Eternalistic Designs

Freelance Switch

Because Network Solutions Sucks

One man's frustration is not lost in vain.

The Drupal community, and open-source community at that, has always had the altruistic goal of being accessible to all. The hope is that as freelancers and tech gurus go out into the world, maybe we can help by making better, more secure websites.

And then you have piece-of-crap hosting like that of Network Solutions.

Now, I only bring this up because as I work with clients to get their internet presence setup, sometimes you're stuck working with their choice of hosting provider, hosting package, and admin credentials.

This means crazy php.ini setups, no ssh access (because the cheap plans don't enable this), and passwords like '1234myfirstname'. Never the eternal pessimist, I figured I'd leave a few words of encouragement and one small tip to those that run into this.

First, don't give up. Although you can't convince your client to pay you monthly hosting fees on your leased vps (who hasn't tried that?), continue to make their internet presence more than a site built by iPowerweb. Yeah, you may have to wrestle with a table-filled layout, but a little progress is better than no progress.

Second, scour the drupal forums for a solution. Sometimes it may take a couple of days, but it seems like everytime I run into a roadblock, someone else has as well. A forked, non-hacked core, Drupal install on a POS hosting provider is STILL better than an MS Access-driven site hosted by 1and1. :-)
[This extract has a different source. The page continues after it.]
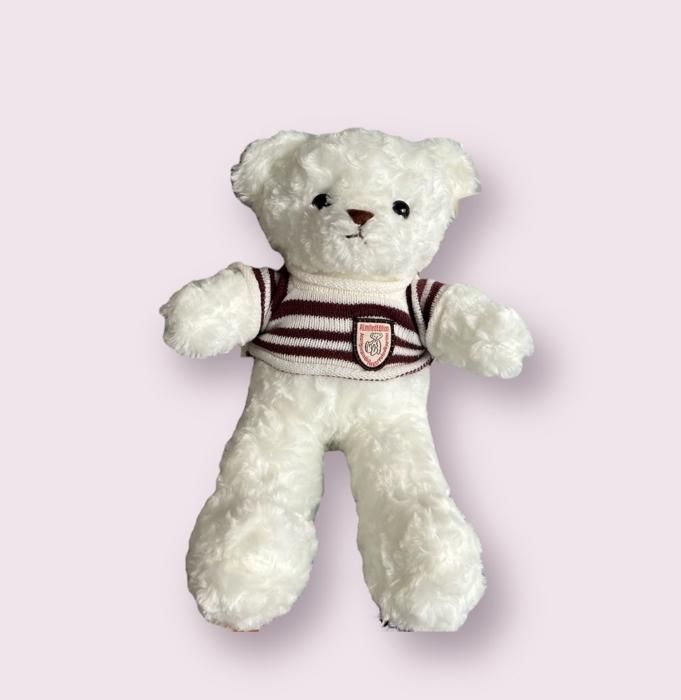 Striped sweater white bear doll-35cm (plastic eyes)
Third...if you're on Network Solutions, and get the dreaded email of 'we will not turn off register_globals or magic_quotes_gpc because it would affect other shared hosted sites', take a deep breath, laugh at them uncontrollably, blog about it, then put this piece of code in the cgi-bin of your vhost within a text file called 'php.ini':

register_globals = off
magic_quotes_gpc = off

Yeah, this whole blog post was all about solving the Drupal install message of 'TURN THIS CRAP OFF', but I figured the it was better suited for the community to at least know I didn't give up! Why it ignores this directive in .htaccess or the ini_set() in the settings.php is beyond me, but....it does work.

Thanks go to this forum post, btw.

Your rating: None Average: 5 (1 vote)

Comments

I hear ya...

Shared hosting normally sucks. However, you should be able to find hosts with SSH access and up to date distros.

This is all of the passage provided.